La première ère du calendrier divinatoire, Naui Ocelotl (littéralement Quatre - Jaguar, ou soleil du Jaguar) débuta en 955 avant J.C. ; mais au bout d'une longue période de 676 ans, ce premier soleil fut finalement dévoré par les félins.
La deuxième ère, Naui Ehecatl (littéralement Quatre - Vent, ou soleil du Vent) vit le deuxième soleil emporté par la tempête, et tous les habitants de la Terre qui s'accrochaient aux arbres pour résister furent transformés en singes.
La troisième ère, Naui Quiahuitl (littéralement Quatre - Pluie, ou soleil de la Pluie) vit une pluie de feu s'abattre sur la Terre et les hommes se changer en dindons.
Au cours de l'ère suivante, Naui Atl (littéralement Quatre - Eau, ou soleil de l'Eau), le quatrième soleil fut englouti par les inondations et tous ceux qui vécurent à cette époque se transformèrent en poissons, l'eau recouvrant tout pendant 52 ans.
Le cinquième et dernier soleil, Naui Ollin (littéralement Quatre - Mouvement, Ollin symbolisant à la fois le mouvement du soleil et les secousses sismiques), est donc né à TEOTIHUACAN et sera normalement voué à une disparition brutale au cours de notre vingt-et-unième siècle !

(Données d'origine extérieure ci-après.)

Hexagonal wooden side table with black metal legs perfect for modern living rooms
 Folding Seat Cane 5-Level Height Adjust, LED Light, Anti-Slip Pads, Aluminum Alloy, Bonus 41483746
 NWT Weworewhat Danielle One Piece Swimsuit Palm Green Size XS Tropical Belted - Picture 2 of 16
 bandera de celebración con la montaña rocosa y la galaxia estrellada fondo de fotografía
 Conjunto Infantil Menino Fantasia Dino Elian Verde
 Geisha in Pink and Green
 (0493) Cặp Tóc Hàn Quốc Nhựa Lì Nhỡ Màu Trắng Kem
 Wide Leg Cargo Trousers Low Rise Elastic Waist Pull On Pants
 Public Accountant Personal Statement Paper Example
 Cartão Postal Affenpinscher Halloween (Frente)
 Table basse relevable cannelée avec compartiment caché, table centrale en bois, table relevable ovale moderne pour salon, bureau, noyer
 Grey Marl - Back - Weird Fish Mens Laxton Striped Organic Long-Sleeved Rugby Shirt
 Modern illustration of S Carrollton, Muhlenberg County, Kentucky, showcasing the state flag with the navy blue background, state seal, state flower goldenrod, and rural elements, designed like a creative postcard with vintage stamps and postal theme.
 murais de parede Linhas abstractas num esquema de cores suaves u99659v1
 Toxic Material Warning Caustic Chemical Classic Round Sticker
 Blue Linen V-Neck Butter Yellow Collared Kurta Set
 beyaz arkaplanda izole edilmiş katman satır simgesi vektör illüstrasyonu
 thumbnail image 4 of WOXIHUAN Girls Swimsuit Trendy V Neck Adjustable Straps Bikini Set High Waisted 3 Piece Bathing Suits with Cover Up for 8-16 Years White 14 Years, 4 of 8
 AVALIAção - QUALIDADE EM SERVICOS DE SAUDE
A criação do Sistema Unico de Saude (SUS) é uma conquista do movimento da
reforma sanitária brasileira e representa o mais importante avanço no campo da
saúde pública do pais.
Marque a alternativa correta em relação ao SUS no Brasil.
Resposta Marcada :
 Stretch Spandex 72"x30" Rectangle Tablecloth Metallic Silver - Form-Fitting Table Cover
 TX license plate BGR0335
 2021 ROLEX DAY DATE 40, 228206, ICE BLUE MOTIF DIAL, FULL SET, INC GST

         Revenons maintenant à la légende : "Pendant longtemps, les dieux se demandèrent comment créer un cinquième soleil qui soit meilleur et plus durable que les précédents, mais ils ne trouvaient pas. Convoqués par Huehueteotl, ils tinrent donc conseil sur la place sacrée de TEOTIHUACAN. Parmi les nombreuses idées proposées, une seule fut retenue par tous au final : l'un d'entre eux devrait se jeter dans le feu sacré pour se transformer en soleil et pour que les flammes puissent l'élever ainsi jusqu'au firmament sous la forme d'un disque rayonnant.

         Les dieux réclamèrent un volontaire.

         Teucciztecatl, seigneur des escargots, célèbre pour sa force et sa beauté, s'avança et déclara :
         - Moi, je veux bien donner la lumière au monde. Vous verrez comme ce sera magnifique !
         Mais presque tous les autres estimèrent que ce n'était pas à lui qu'il fallait confier cette mission, car il avait une mauvaise réputation de beau parleur. Pouvait-on savoir s'il tiendrait sa promesse ?
         Ne valait-il pas mieux le faire accompagner par un autre pour plus de sûreté ? Après un moment de silence, tous les regards convergèrent alors vers Nanautzin, petit dieu timide, laid et malchanceux, qui ne refusait jamais rien même quand il n'en tirait pas parti.

         Il déclara sans hésiter :
         - Pourquoi ne me jetterais-je pas dans le feu, moi, si vous le désirez ? Je serais très heureux de devenir le soleil."
         Les dieux acceptèrent sa proposition et s'attaquèrent immédiatement aux préparatifs du feu.

         De leur côté, Teucciztecatl et Nanautzin se retirèrent dans les montagnes pour y passer quatre jours de prières et de sacrifices. Puis tous deux passèrent encore quatre jours dans le temple que les autres dieux leur avaient édifié. Pendant ce temps, on continuait de préparer le feu sacré à TEOTIHUACAN. Quand vint le moment décisif, Teucciztecatl apparut revêtu d'une armure de plumes de quetzal. Nanautzin lui, portait son humble manteau de paille, et tous deux se dirigèrent vers le feu. Là les attendaient les dieux, impatients. Ils se tournèrent tous ensemble vers Teucciztecatl et lui crièrent :
         - Saute, saute dans le feu !.
         Teucciztecatl s'avança de quatre pas, mais au dernier instant tourna honteusement le dos à l'énorme brasier. Trois fois encore il abandonna tout courage et laissa sa peur le dominer.
         Les dieux se tournèrent alors vers Nanautzin :
         - Saute, toi, saute dans le feu !
         Sans une seconde d'hésitation, Nanautzin se jeta dans les flammes. Le foyer gronda, les étincelles jaillirent de tous côtés comme des fleurs de feu et l'engloutirent aussitôt. Au même instant, Teucciztecatl recouvra son courage et se jeta lui aussi dans les flammes. Alors s'établit un grand silence. Les dieux attendaient de voir se lever l'astre du jour... et virent alors Nanautzin se transformer en soleil, le cinquième soleil tant attendu.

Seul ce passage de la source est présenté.